[PATCH] sched/fair: Clear rel_deadline when initializing forked entities

Zicheng Qu posted 1 patch 1 month, 3 weeks ago
There is a newer version of this series
kernel/sched/core.c | 1 +
1 file changed, 1 insertion(+)
[PATCH] sched/fair: Clear rel_deadline when initializing forked entities
Posted by Zicheng Qu 1 month, 3 weeks ago
A yield-triggered crash can happen when a newly forked sched_entity
enters the fair class with se->rel_deadline unexpectedly set.

The failing sequence is:

  1. A task is forked while se->rel_deadline is still set.
  2. __sched_fork() initializes vruntime, vlag and other sched_entity
     state, but does not clear rel_deadline.
  3. On the first enqueue, enqueue_entity() calls place_entity().
  4. Because se->rel_deadline is set, place_entity() treats se->deadline
     as a relative deadline and converts it to an absolute deadline by
     adding the current vruntime.
  5. However, the forked entity's deadline is not a valid inherited
     relative deadline for this new scheduling instance, so the conversion
     produces an abnormally large deadline.
  6. If the task later calls sched_yield(), yield_task_fair() advances
     se->vruntime to se->deadline.
  7. The inflated vruntime is then used by the following enqueue path,
     where the vruntime-derived key can overflow when multiplied by the
     entity weight.
  8. This corrupts cfs_rq->sum_w_vruntime, breaks EEVDF eligibility
     calculation, and can eventually make all entities appear ineligible.
     pick_next_entity() may then return NULL unexpectedly, leading to a
     later NULL dereference.

A captured trace shows the effect clearly. Before yield, the entity's
vruntime was around:

  9834017729983308

After yield_task_fair() executed:

  se->vruntime = se->deadline

the vruntime jumped to:

  19668035460670230

and the deadline was later advanced further to:

  19668035463470230

This shows that the deadline had already become abnormally large before
yield_task_fair() copied it into vruntime.

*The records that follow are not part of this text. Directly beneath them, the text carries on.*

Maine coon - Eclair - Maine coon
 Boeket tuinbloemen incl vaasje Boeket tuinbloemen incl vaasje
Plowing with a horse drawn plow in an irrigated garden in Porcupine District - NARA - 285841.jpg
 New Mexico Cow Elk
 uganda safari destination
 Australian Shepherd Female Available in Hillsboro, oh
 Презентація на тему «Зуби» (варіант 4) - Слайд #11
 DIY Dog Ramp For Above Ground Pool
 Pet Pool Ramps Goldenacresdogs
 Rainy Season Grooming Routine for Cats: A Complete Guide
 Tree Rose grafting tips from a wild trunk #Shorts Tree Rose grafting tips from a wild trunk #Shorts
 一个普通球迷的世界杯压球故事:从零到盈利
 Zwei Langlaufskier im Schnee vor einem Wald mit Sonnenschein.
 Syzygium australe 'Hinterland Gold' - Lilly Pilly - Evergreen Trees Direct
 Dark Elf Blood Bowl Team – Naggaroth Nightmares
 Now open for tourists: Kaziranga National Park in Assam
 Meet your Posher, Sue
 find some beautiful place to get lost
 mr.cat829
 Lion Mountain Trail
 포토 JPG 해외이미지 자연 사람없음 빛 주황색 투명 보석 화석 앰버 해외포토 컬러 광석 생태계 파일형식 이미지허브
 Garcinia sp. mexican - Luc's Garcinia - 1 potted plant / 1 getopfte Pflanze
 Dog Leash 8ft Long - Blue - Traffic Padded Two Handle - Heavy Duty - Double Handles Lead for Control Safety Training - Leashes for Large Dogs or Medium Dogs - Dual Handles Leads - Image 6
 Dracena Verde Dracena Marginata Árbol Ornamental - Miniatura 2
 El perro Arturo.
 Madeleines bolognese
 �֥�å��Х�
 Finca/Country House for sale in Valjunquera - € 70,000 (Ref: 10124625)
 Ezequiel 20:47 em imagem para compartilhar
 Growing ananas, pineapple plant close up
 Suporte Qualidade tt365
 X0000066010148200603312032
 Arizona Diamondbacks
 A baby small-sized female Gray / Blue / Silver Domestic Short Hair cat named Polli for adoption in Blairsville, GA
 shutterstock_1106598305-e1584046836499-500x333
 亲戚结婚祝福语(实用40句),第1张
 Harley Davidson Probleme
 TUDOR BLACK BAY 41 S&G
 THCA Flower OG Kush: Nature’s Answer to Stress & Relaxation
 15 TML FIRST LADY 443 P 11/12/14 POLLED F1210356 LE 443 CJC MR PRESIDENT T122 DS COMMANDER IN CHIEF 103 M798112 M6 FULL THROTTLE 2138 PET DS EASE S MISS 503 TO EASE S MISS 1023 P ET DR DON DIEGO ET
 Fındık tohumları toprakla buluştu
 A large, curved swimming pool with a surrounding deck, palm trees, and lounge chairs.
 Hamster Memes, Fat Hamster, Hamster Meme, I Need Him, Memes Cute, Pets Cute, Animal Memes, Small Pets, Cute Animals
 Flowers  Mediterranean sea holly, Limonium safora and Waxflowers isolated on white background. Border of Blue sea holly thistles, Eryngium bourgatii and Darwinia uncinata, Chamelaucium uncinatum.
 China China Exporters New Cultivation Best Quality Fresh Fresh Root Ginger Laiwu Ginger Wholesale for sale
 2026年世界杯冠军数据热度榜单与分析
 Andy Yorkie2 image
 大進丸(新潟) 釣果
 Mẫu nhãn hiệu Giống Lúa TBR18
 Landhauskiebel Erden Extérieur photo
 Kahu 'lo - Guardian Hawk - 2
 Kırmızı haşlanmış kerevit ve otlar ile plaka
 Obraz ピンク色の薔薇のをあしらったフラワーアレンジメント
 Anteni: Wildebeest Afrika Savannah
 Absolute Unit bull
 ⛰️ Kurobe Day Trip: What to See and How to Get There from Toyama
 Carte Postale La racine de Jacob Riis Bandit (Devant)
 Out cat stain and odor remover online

rel_deadline is only meaningful when se->deadline really carries a
relative deadline that still needs to be placed against vruntime. A
freshly forked sched_entity should not inherit or retain this state.
Clear se->rel_deadline in __sched_fork(), together with the other
sched_entity runtime state, so that the first enqueue does not interpret
the new entity's deadline as a stale relative deadline.

Fixes: 82e9d0456e06 ("sched/fair: Avoid re-setting virtual deadline on 'migrations'")
Analyzed-by: Hui Tang <tanghui20@huawei.com>
Analyzed-by: Zhang Qiao <zhangqiao22@huawei.com>
Signed-off-by: Zicheng Qu <quzicheng@huawei.com>
---
 kernel/sched/core.c | 1 +
 1 file changed, 1 insertion(+)

diff --git a/kernel/sched/core.c b/kernel/sched/core.c
index da20fb6ea25a..b8871449d3c6 100644
--- a/kernel/sched/core.c
+++ b/kernel/sched/core.c
@@ -4458,6 +4458,7 @@ static void __sched_fork(u64 clone_flags, struct task_struct *p)
 	p->se.nr_migrations		= 0;
 	p->se.vruntime			= 0;
 	p->se.vlag			= 0;
+	p->se.rel_deadline		= 0;
 	INIT_LIST_HEAD(&p->se.group_node);
 
 	/* A delayed task cannot be in clone(). */
-- 
2.34.1
Re: [PATCH] sched/fair: Clear rel_deadline when initializing forked entities
Posted by K Prateek Nayak 1 month, 3 weeks ago
Hello Zicheng,

On 4/24/2026 12:41 PM, Zicheng Qu wrote:
> A yield-triggered crash can happen when a newly forked sched_entity
> enters the fair class with se->rel_deadline unexpectedly set.
> 
> The failing sequence is:
> 
>   1. A task is forked while se->rel_deadline is still set.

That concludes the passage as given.